1960 song by Johnny Kidd & the Pirates

"Shakin' All Over" is a song originally performed by Johnny Kidd & the Pirates. It was written by leader Johnny Kidd, and his original recording reached No. 1 on the UK Singles Chart in August 1960. The song is sometimes credited to Frederick Albert Heath, which is Kidd's real name. Kidd's recording was not a hit outside Europe. In other parts of the world the song is better known by recordings from other artists.

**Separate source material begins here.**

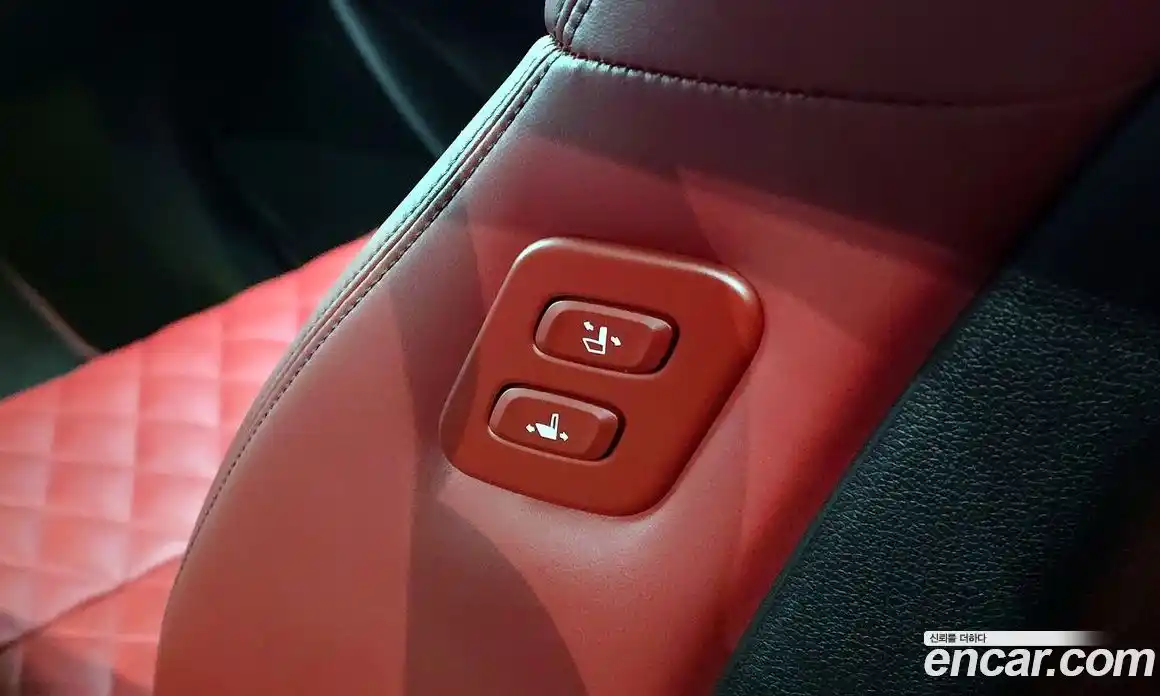 Genesis G70 2025 2.5 автомат (гидро), фото 26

A version by Chad Allan and the Expressions, later known as the Guess Who, was recorded in December 1964. It reached No. 1 in Canada in the spring of 1965, No. 22 in the US and No. 27 in Australia. Another famous recording by the Who was featured on their 1970 album Live at Leeds.

Normie Rowe's 1965 version reached No. 1 in Australia as a double A-side with "Que Sera Sera".

==History==
===Johnny Kidd version===
The musicians who performed on the original recording were Johnny Kidd (vocals), Alan Caddy (rhythm guitar), Brian Gregg (bass), Clem Cattini (drums) and Joe Moretti (lead guitar). Kidd was quoted as saying: When I was going round with a bunch of lads and we happened to see a girl who was a real sizzler, we used to say that she gave us 'quivers down the membranes'. It was a standard saying with us referring to any attractive girl. I can honestly say that it was this more than anything that inspired me to write "Shakin' All Over".

===The Guess Who version===
The song gained more fame after it was recorded in Winnipeg in December 1964 by a group called Chad Allan and the Expressions. In the spring of 1965, the record became a No. 1 hit in Canada. The group's label Quality Records credited the artist as "Guess Who?" in an attempt to disguise their origin and hint that the group might be a British Invasion act. The actual name was revealed a few months later, but radio DJs continued to announce the artist as "Guess Who?". This prompted the group to change their name to the Guess Who. This version was also a No. 22 hit in the United States. In 1975, the Guess Who recorded a new song called "When the Band Was Singin' 'Shakin' All Over. Though it makes lyrical reference to the original, this is a distinctly different song.

===Normie Rowe version===
The Guess Who's version also became a No. 27 hit in Australia, but another version became a national No. 1 hit in late 1965 for Normie Rowe. Rowe's version (backed by "Que Sera Sera") was one of the biggest-selling singles of the decade in that country. Rowe had recorded his take on the song before the Guess Who, and based his release on a 1962 version by Johnny Chester.

===The Who version===

The song has been performed many times by the Who, starting in the 1960s (sometimes in a medley with "Spoonful"). The best known performances were at Woodstock in 1969 and on Live at Leeds in 1970. In Randy Bachman's autobiography, he says that when he met Who bass player John Entwistle, he was told that people constantly got the Who and the Guess Who mixed up. Tired of being yelled at for not playing the song, the Who started playing it just to keep the crowd happy. Bachman responded that the Guess Who had the same reasons for playing "My Generation". Entwistle, a fan of 1950s and 1960s rock and roll and rockabilly music, also performed the song with his solo band and incorporated a bass solo into the middle of the song, accompanied only by his drummer Steve Luongo.